WHAT YOU WILL DO => Return only the lines below starting at the line containing "3 Bedroom Property" and ending at the line containing "Audi e-tron GT - 7", both included, exactly as they are and with no pictures.

SUPPLIED INFORMATION =>
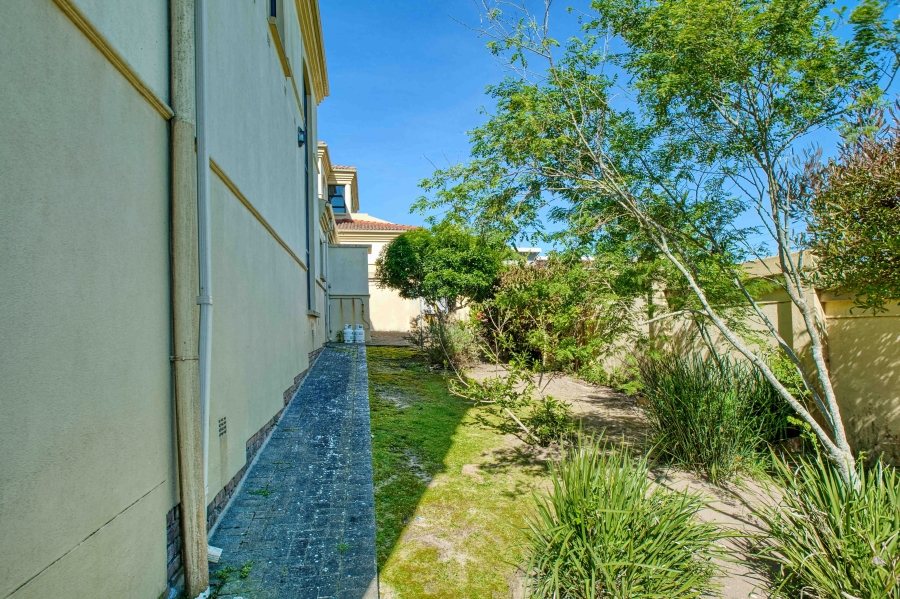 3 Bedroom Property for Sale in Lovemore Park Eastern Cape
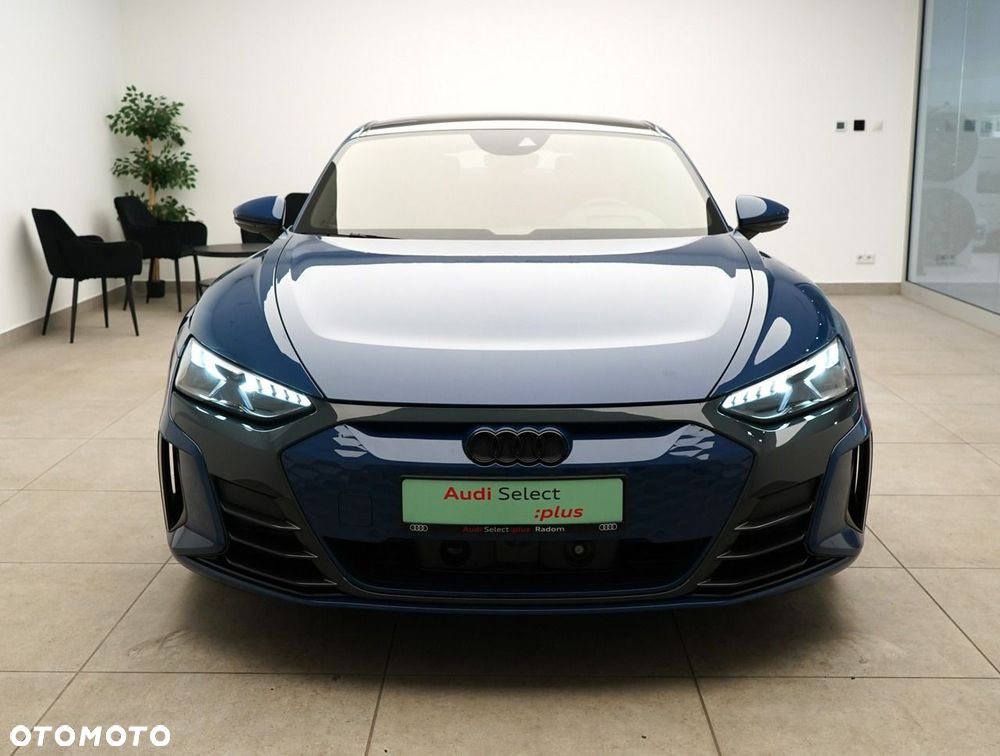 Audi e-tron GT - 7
* * *
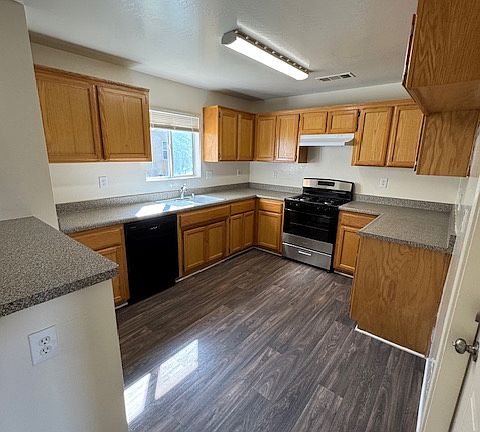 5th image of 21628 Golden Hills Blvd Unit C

ANSWER =>
 3 Bedroom Property for Sale in Lovemore Park Eastern Cape
 Audi e-tron GT - 7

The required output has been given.